Если появление лакея ее удивило, то она была совершенно поражена богатством и роскошью обстановки. Мягкие прекрасные ковры, превосходнейшие картины, самые дорогие зеркала, великолепные безделушки, заставлявшие изумляться той щедрости, с какой они были повсюду расставлены, со всех сторон притягивали к себе ее взгляд. Даже лестница почти до самой наружной двери была заставлена прекрасными и дорогими вещами, словно дом был переполнен сокровищами и достаточно добавить еще какую-нибудь вещицу, чтобы они выплеснулись на улицу.

Вскоре она услышала ряд громких двойных ударов в парадную дверь и после каждого удара — чей-нибудь новый голос в соседней комнате. Сначала легко было отличить голос мистера Ральфа Никльби, но постепенно он потонул в общем гуле, и она могла только установить, что там находится несколько джентльменов с не очень мелодичными голосами, которые беседуют очень громко, смеются очень весело и вставляют ругательства чаще, чем она считала необходимым. Но это было дело вкуса.

Наконец дверь открылась, и появилась хитрая физиономия самого Ральфа, на этот раз заменившего сапоги черными шелковыми чулками и туфлями.

— Я не мог повидать вас раньше, дорогая моя, — сказал он вполголоса, указывая при этом в сторону соседней комнагы. — Я был занят, принимал их. А теперь повести вас туда?

— Скажите, дядя, — начала Кэт, слегка взволнованная, как нередко волнуются и те, кто гораздо лучше знает свет, если им предстоит выйти к незнакомым людям и у них было время заранее об этом подумать, — там есть какие-нибудь леди?

— Нет, — коротко ответил Ральф. — У меня нет знакомых леди.

— Я должна идти сию минуту? — спросила Кэт, слегка попятившись.

— Как хотите, — пожимая плечами, сказал Ральф. — Все собрались и сейчас доложат, что обед подан.

Кэт хотелось бы просить о нескольких минутах отсрочки, но, подумав, что, быть может, дядя, уплатив за наемную карету, рассчитывает на ее пунктуальность, рассматривая это как некую сделку, она позволила ему взять себя под руку и вывести.

Когда они вошли, семь-восемь джентльменов стояли полукругом перед камином, и так как разговаривали они очень громко, то не заметили их появления, пока мистер Ральф Никльби, тронув одного за рукав, не сказал резким, внушительным голосом, как бы желая привлечь общее внимание:

— Лорд Фредерик Верисофт — моя племянница мисс Никльби.

Группа расступилась, словно в великом изумлении, а джентльмен, к которому были обращены эти слова, повернулся, представив для обозрения превосходнейший костюм, бакенбарды, отличавшиеся таким же качеством, усы, густую шевелюру и молодое лицо.

— А? — сказал джентльмен. — Как… черт!

Издавая эти отрывистые восклицания, он вставил монокль и с великим изумлением воззрился на мисс Никльби.

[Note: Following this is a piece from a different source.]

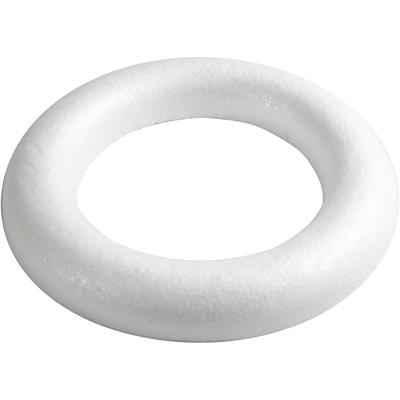 Creativ Company Styropor ring wit met platte achterkant, 35cm - thumbnail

— Моя племянница, милорд, — сказал Ральф.

— Значит, слух меня не обманул и это не восковая фигура, — сказал его лордство. — Как поживаете? Счастлив познакомиться.

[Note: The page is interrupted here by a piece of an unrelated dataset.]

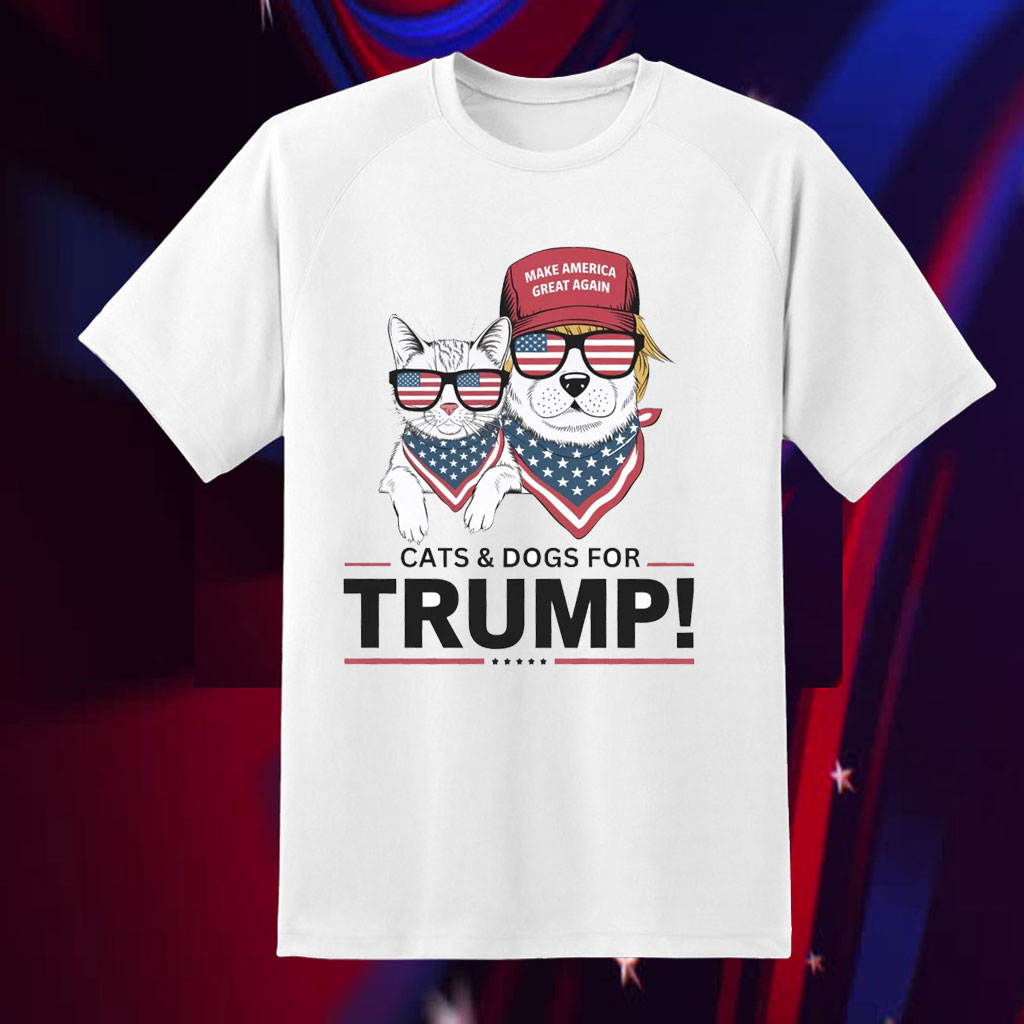 Cats and Dogs for Trump Shirt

А затем его лордство повернулся к другому превосходному джентльмену, немножко постарше, немножко потолще, с лицом немножко покраснее и немножко дольше вращавшемуся в свете, и сказал громким шепотом, что девушка «чертовски мила».

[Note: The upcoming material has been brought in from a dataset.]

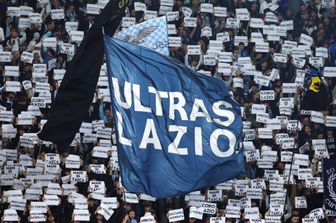 Tifosi della Lazio all'Olimpico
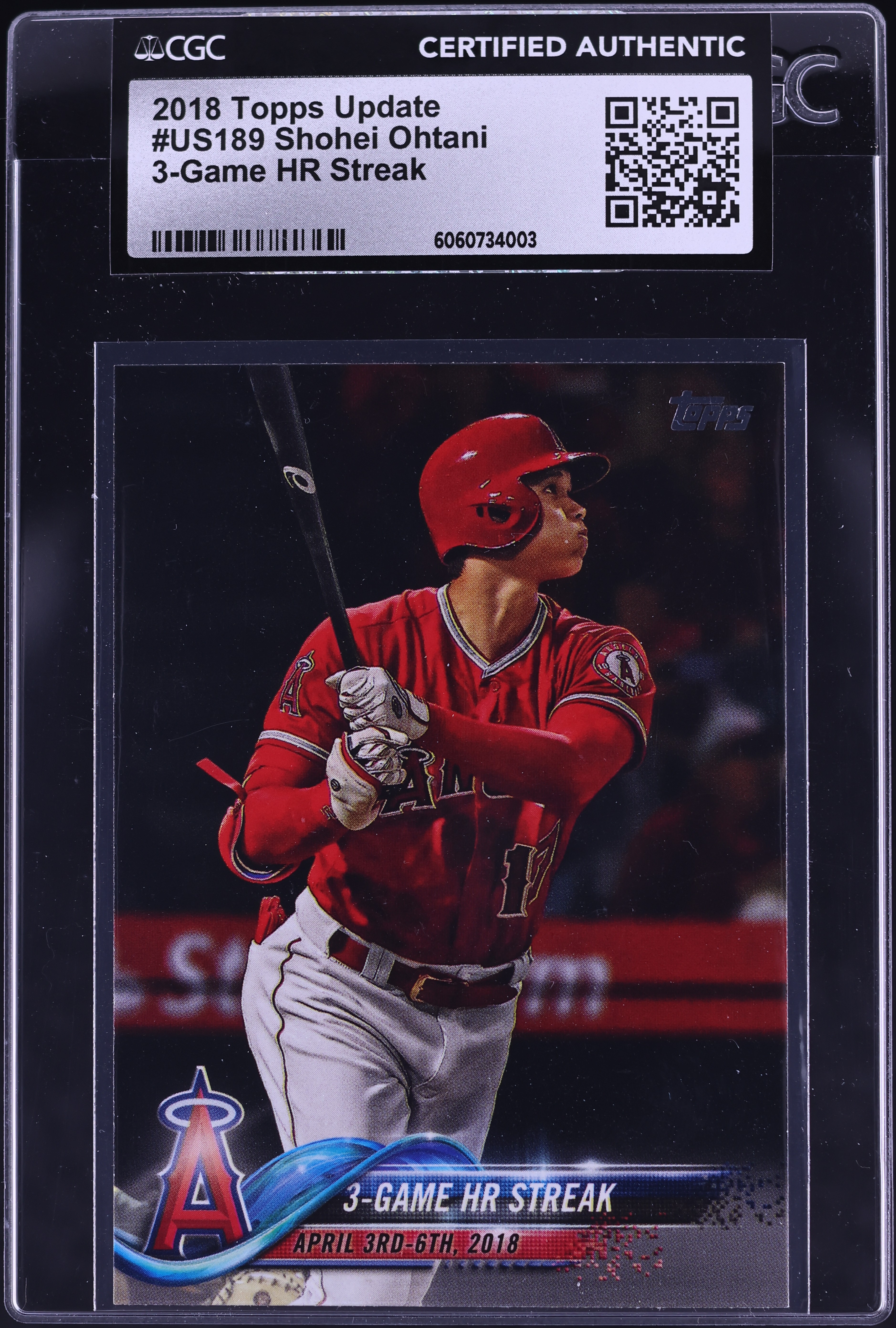 2018 Topps Update Shohei Ohtani ROOKIE #US189 CGC AUTH on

— Представьте меня, Никльби, — сказал этот второй джентльмен, который стоял спиной к камину, положив оба локтя на каминную доску.

— Сэр Мальбери Хоук, — сказал Ральф.

— Иными словами — лучшая карта в колоде, мисс Никльби, — сказал лорд Фредерик Верисофт.

— Не, пропустите меня, Никльби! — воскликнул джентльмен с резкими чертами лица, который читал газету, сидя на низком стуле с высокой спинкой.